The secret to showing horses, he joked, is having lots of money.
“I never raised any outstanding ones, I guess. I just bought what I thought might show,” he said, adding that he never sank much money into the game.
“One guy said about me, ‘if Ferguson can’t beat you with one horse, he’ll go out to the bush and catch another.’ “
Now 74, the former pregnant mares’ urine producer from Minnedosa, Man., still drives horses every day. He and a friend plowed and planted 60 acres of oats with horses last summer and plan to do it again this year. He still mows hay and rakes it with a team but bales it with a tractor.
“I’ve always liked horses. I can’t tell you why. I’ve run a tractor lots in my day, but I can honestly say I never enjoyed one minute of it. Sitting on that bastard going up and down the field just doesn’t turn my crank.”
Editor emeritus of the Brandon Sun and local historian, Fred McGuinness, said the roots of southwestern Manitoba’s love of horses go back a long way, to the earliest pioneer days.

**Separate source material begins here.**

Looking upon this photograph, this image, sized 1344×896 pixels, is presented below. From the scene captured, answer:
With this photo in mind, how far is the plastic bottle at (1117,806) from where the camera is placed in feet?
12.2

The first horses owned by prairie settlers were two ponies that explorer La Verendrye’s sons rode back from a trading expedition to what is now Nebraska around 1750.

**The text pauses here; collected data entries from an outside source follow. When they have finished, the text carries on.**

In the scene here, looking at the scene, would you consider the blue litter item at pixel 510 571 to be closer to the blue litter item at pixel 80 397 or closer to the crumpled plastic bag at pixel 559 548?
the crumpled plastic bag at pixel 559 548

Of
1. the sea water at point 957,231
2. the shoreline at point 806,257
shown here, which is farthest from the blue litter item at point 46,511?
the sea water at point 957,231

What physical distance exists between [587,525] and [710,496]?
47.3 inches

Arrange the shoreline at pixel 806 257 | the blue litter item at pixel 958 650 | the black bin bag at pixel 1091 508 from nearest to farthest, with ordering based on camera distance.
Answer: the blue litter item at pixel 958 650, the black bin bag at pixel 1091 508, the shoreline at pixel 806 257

Early in the 1800s, when governor George Simpson saw that the Manitoba settlement’s buffalo hunting mounts were too light for plowing, he brought in a Norfolk Trotter stallion named Fireaway to improve the local stock.

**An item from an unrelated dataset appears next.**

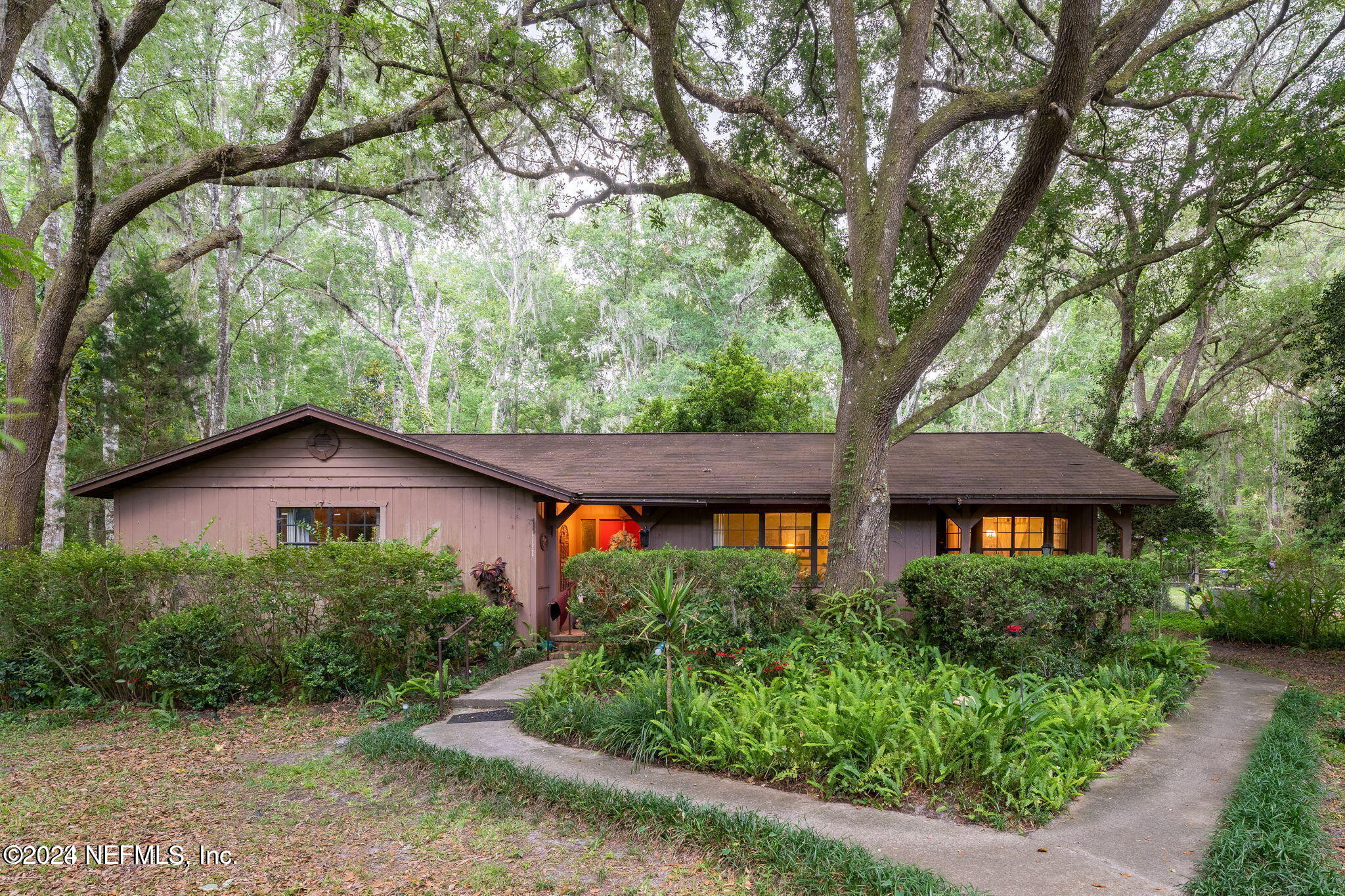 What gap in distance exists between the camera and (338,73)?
8195 millimetres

“They brought him 700 miles down the lake standing up in a rowboat. When he got here, he was the most valuable thing on the Prairies,” said McGuinness.
While oxen served as the tractors and emergency food supply for most settlers in the late 1800s, there was a demand for more spirited pulling power. Brandon, as the main jumping off point for land-seeking peasants, soon became an important distribution point for horsepower, which was badly needed as homesteads began dotting the Prairies.
“It was the right idea at the right time.”
Shortly before the First World War, Brandon livery stable operator and horse trader Beecham Trotter boasted a stable full of stallions imported from France and Scotland worth $3 million. According to newspaper accounts of the time, Trotter’s breeding stock sales brought in a “continental audience” with buyers coming from as far away as San Francisco and Chicago.
“It was so important to the local economy that city hall gave him the front lawn to use for holding his auctions,” said McGuinness. “It’s pretty hard to beat that for class.”
In an article for Farm & Ranch Review, dated January 1965, famed agricultural journalist and author Grant MacEwan, who was born on a farm near Brandon and later became lieutenant governor of Alberta, wrote: “Brandon had the biggest horse shows, the largest number of horse dealers and sales stables and the highest interest in horse breeding.”
MacEwan noted that the city also had the best agricultural exhibitions and was widely seen as the draft horse capital of the West. In the judging competitions of the early days, he added, it wasn’t uncommon to see 20 or more stallions competing in a single class.
In 1921, the Dominion Bureau of Statistics put the number of horses in Canada at 3.6 million head, or roughly six horses per farm. From 1901 to 1921, Saskatchewan’s total rose from 83,000 to more than a million.
“Not only did those heavy horses occupy an essential place in farm fields, but they filled an important place in men’s lives and hearts. Western Canada was a land of horsemen,” MacEwan wrote.